This is Johannes Groschupf’s second novel. The author, born in 1963, earned his living as a travel journalist until the age of thirty, when, during a trip through the Algerian desert, his helicopter crashed and burst into flames and he emerged as the sole survivor. Groschupf’s extraordinary adventure and recovery from severe burns became the subject of his first novel, published in 2005 under the title Zu weit draussen but not so far in English. Now he tackles something very different.
Hinterhofhelden takes us into the characteristic ‘Hinterhöfe’ of Berlin, the courtyards which connect turn-of-the-century blocks of apartments and where much of the residents’ life takes place. The story is set in the 1980s, before the fall of the Wall, in the district of Neukölln, where workingclass Berliners, immigrants, and students live side by side. This third-person narrative revolves around Odefey, a naïve young man from West Germany, who arrives in Berlin to go to university there. He finds a flat, set in deepest Neukölln, by accident, which sets a precedent for his subsequent, seemingly random, adventures. Very soon after his arrival he gives up his studies and spends most of his time drifting through the streets, photographing scenes of everyday life with his newly acquired camera. He makes a series of chance encounters with typically feisty neighbours and soon becomes integrated. He is chased by a sex-crazed middle-aged housewife but restores his reputation and earns everyone’s respect by agreeing to take on the bully of the block in a staged fight, which he ends up winning by accident. There is also a proper love story, when Odefey meets Meetje, a student and fellow resident of Neukoelln, and after various crises decides it is time to grow up.

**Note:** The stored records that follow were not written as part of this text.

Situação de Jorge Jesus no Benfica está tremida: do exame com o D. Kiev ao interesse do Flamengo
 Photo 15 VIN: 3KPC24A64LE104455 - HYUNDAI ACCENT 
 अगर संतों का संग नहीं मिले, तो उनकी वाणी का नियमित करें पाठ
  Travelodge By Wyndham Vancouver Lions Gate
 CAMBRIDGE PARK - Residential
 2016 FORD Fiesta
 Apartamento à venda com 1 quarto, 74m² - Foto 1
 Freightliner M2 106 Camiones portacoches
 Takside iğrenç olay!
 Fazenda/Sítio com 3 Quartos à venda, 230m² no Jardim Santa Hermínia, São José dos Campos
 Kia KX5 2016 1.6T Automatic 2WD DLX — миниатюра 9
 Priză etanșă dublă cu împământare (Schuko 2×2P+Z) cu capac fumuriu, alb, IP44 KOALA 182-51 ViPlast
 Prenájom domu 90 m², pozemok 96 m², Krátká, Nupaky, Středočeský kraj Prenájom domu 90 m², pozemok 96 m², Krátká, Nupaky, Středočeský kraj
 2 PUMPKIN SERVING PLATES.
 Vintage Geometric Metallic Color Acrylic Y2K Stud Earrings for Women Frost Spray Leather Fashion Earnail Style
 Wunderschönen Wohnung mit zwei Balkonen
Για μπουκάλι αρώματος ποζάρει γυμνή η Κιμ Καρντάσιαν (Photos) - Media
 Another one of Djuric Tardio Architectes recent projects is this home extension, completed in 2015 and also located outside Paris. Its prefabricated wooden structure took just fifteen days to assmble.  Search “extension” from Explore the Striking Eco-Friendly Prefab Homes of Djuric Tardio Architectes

This novel excels in bringing Neukölln to life, its atmosphere, smells and noises and its idiosyncratic inhabitants. It is refreshing to read a book that highlights the sense of community and ordinary, everyday life in this area which, in the German press, is so often portrayed simplistically as a place of deviant behaviour and seemingly unresolvable social problems. It stands in the tradition of a wave of ‘alternative’ Berlin novels, which started in the 1990s, and explores its theme with a sense of humour and real empathy. Well worth considering.